Reputation: 484
I am trying to split a SQL Query script, and on a create table, I only want the contents inside the outermost parenthesis, while ignoring any parenthesis inside, which are mainly describing maximum characters for a column type.
Here is a sample of my query:
CREATE TABLE IF NOT EXISTS %SCHEMA%.business (
id UUID NOT NULL,
name VARCHAR(50) NOT NULL,
DBA VARCHAR(50),
isactive BOOL NOT NULL DEFAULT TRUE,
isdeleted BOOL NOT NULL DEFAULT FALSE,
createdon TIMESTAMP(6) WITHOUT TIME ZONE NOT NULL
)
WITH (OIDS = FALSE)
I want to get back everything inside that describe the columns. I have tried these
\(([^\)]*)\)
stops at the first (50), and reads the other (50) and (6), but not anything else, and doesn't reach the end of that outside parenthesis.
\((\d+)\)
This will only read the inside parenthesis, which could be useful later, but I only get back the two (50)'s and the (6).
What regular expression will capture all of the inside of that parenthesis? Even if it does capture more, I can always remove the excess strings through code later.
Upvotes: 3
Views: 355
Reputation: 22817
.NET regular expressions have what's called Balancing Groups. This ensures that a starting delimiter is followed by a closing delimiter (both of your choice). If these do not balance it stops matching at that point in the string.
This is how you'd accomplish this using regex, but other alternatives are less breakable and may be better suited for the task.
(?<=\()(?:[^()]|(?<B>\()|(?<-B>\)))+(?(B)(?!))(?=\))
(?<=\()
Positive lookbehind ensuring what precedes is (
(?:[^()]|(?<B>\()|(?<-B>\)))+(?(B)(?!))
The magic. Simplistically put, this matches either any character that is not (
or )
, or it matches the (
character while setting B
to B+1
, or it matches )
while setting B
to B-1
. It does this one or more times. (?(B)(?!))
indicates that if B
is not balanced (anything except 0), it fails.(?=\))

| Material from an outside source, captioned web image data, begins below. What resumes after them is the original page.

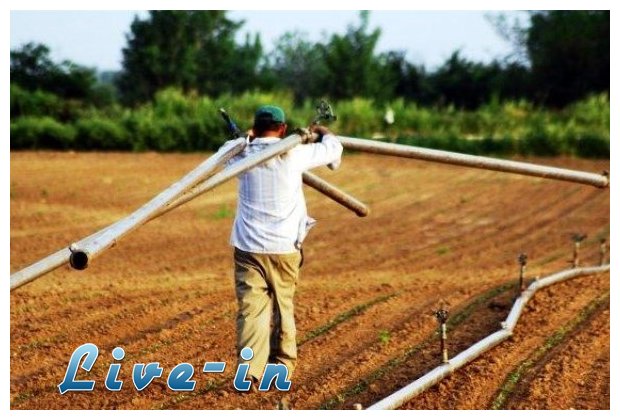 TÎ± 28 ÎµÏ€Î±Î³Î³Î­Î»Î¼Î±Ï„Î± Ï€Î¿Ï… ÎµÎ½Î¹ÏƒÏ‡ÏÎµÎ¹ Ï„Î¿ Î•Î£Î Î‘live-in | Η Έξυπνη, Αντικειμενική και Εναλλακτική Ενημέρωση!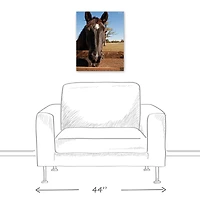 Horse Head 16" x 20" Canvas Wall Art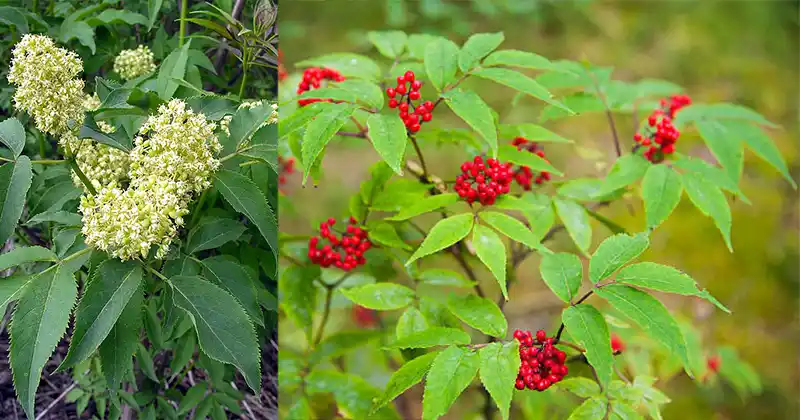 Sureau à baies rouges (Sambucus racemosa) : 30 bienfaits surprenants et comment l'utiliser 2 baies rouges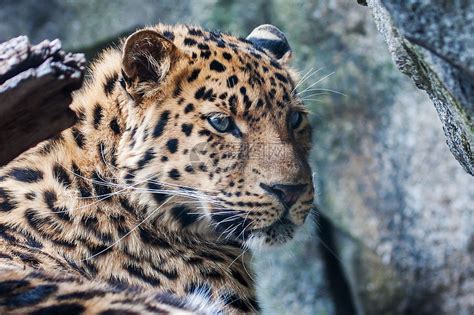 阿穆尔豹 躺在岩石上豹属野生动物动物猫科动物野猫濒危哺乳动物大猫猫科食肉高清图片下载 正版图片322079069 摄图网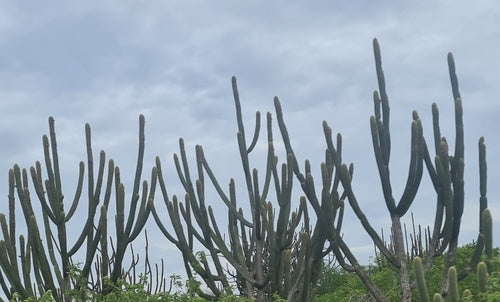 Cactus colonnare blu — foto 2 di 2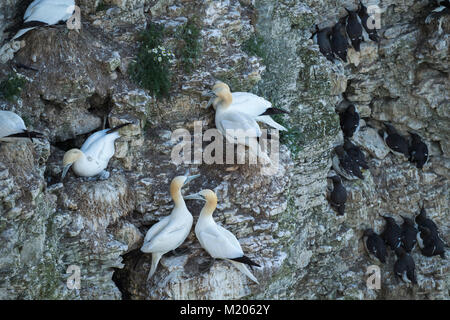 High view close-up of nesting seabirds (gannets & guillemots) on rocky chalk cliff-side nests - Bempton Cliffs RSPB reserve, East Yorkshire, England2 Stock Photo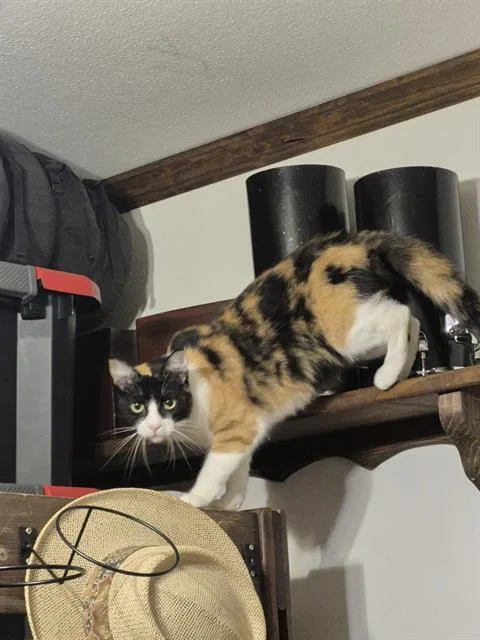 An adult medium-sized female Domestic Short Hair cat named Pena for adoption in San Antonio, TX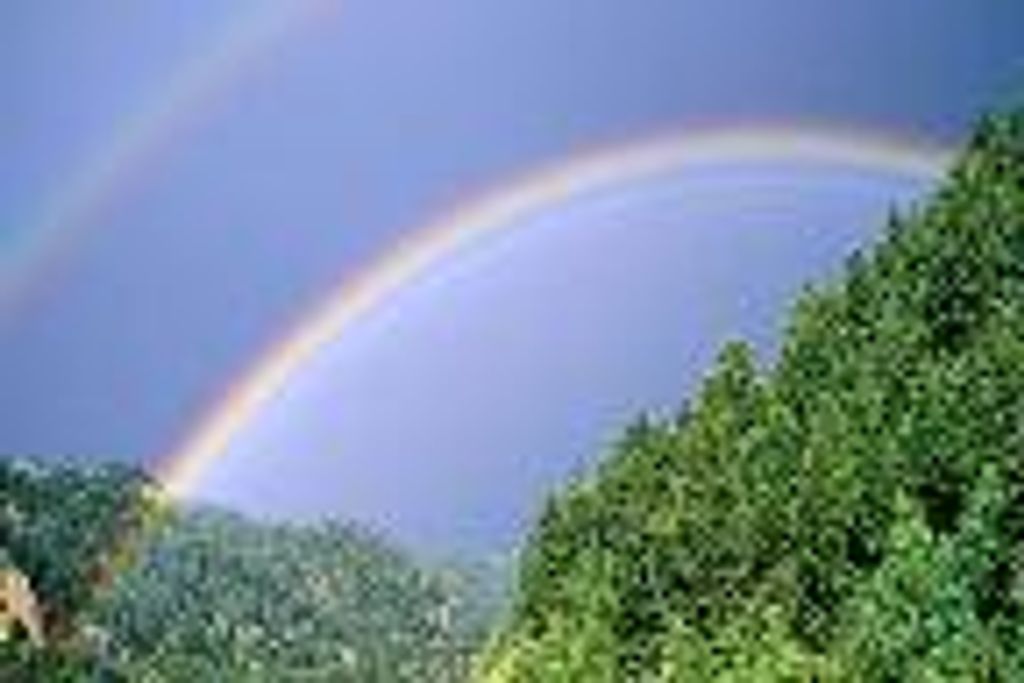 Clarice Newman Bargainnier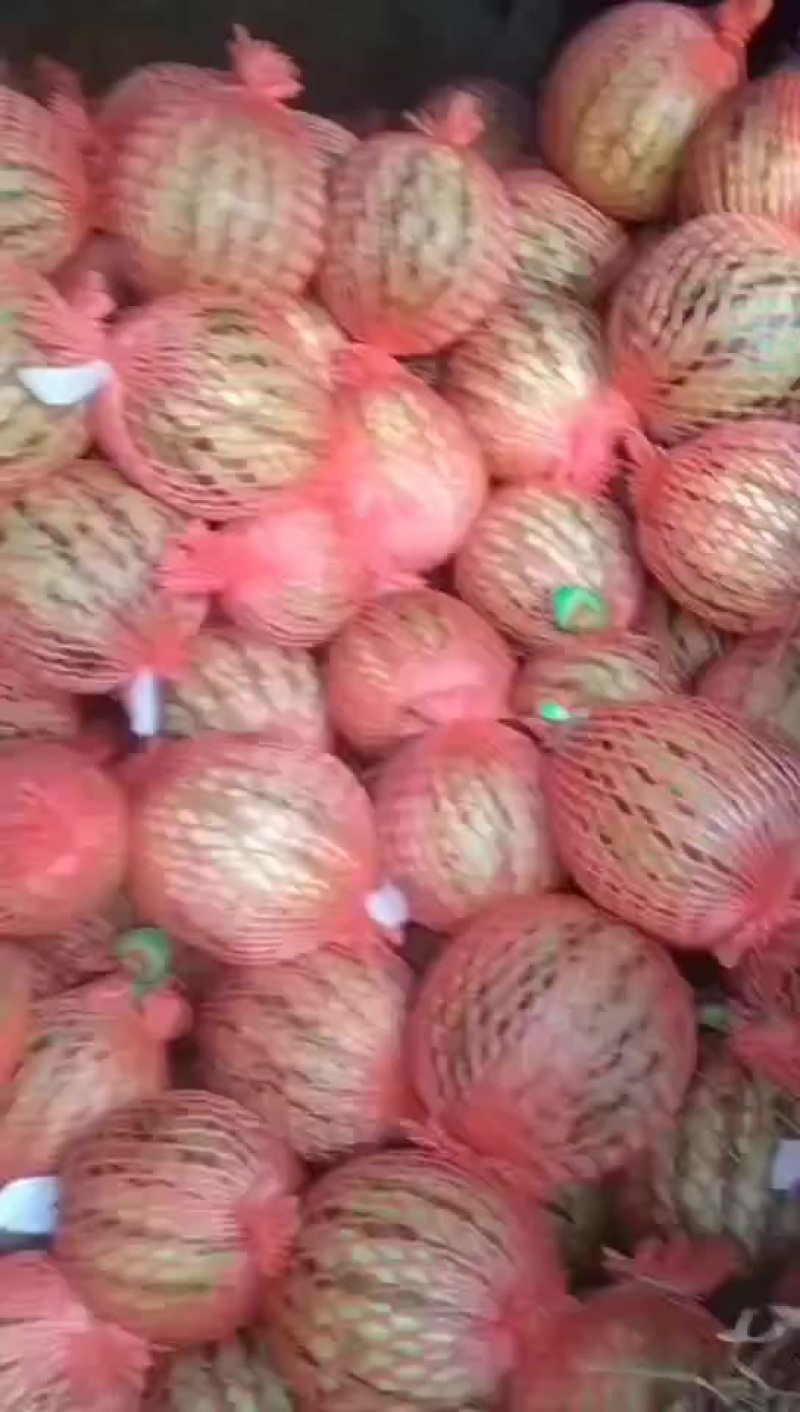麒麟西瓜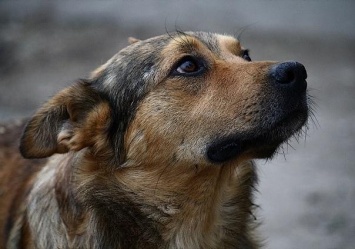 Заплатит штраф: на Полтавщине судили мужчину, который сбил собаку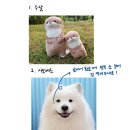 키먼트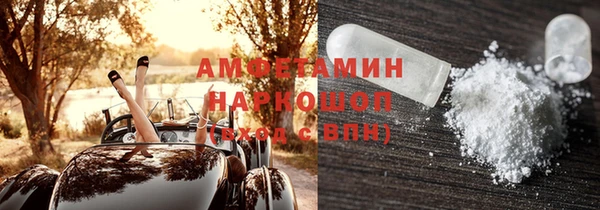 прущие грибы Горно-Алтайск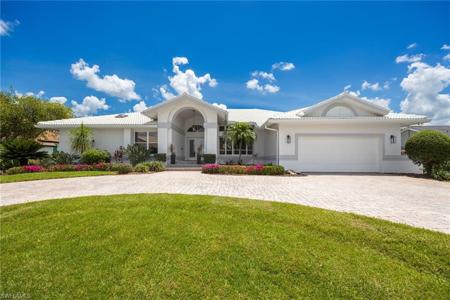 16564 Bear Cub CT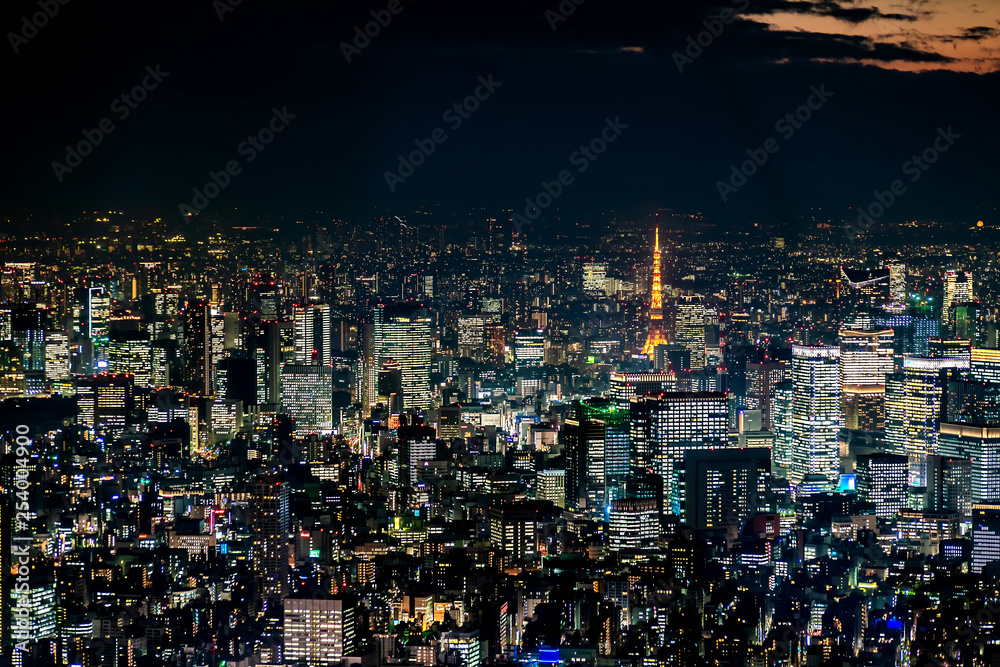 Obraz premium Tokyo Tower with skyline cityscape in Tokyo, Japan at night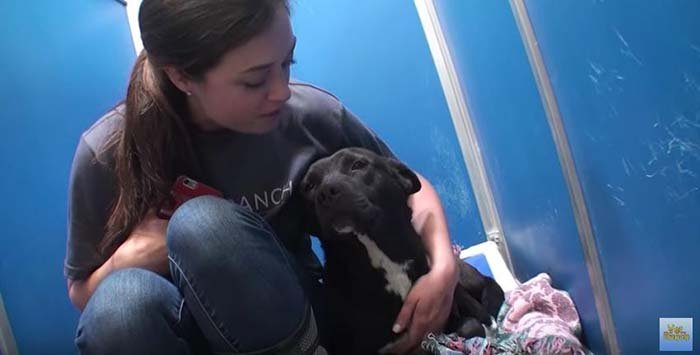 Perro en adopción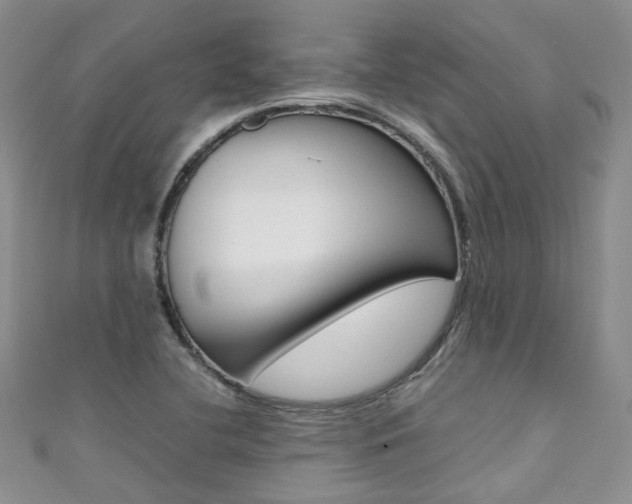 X0000111371412200907101008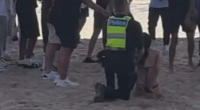 Trio of teenagers charged over alleged Melbourne beach brawl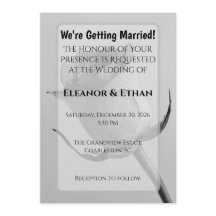 芸術的なミニマリストのモノクロのバラの花芽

Positive lookahead ensuring what follows is )
Results in the two following matches:
id UUID NOT NULL,
name VARCHAR(50) NOT NULL,
DBA VARCHAR(50),
isactive BOOL NOT NULL DEFAULT TRUE,
isdeleted BOOL NOT NULL DEFAULT FALSE,
createdon TIMESTAMP(6) WITHOUT TIME ZONE NOT NULL
and
OIDS = FALSE
To remove the latter result, you could use the following (ensures (
is not followed by WITH
) as seen in use here.
(?<=(?<!WITH *)\()(?:[^()]|(?<B>\()|(?<-B>\)))+(?(B)(?!))(?=\))
Upvotes: 5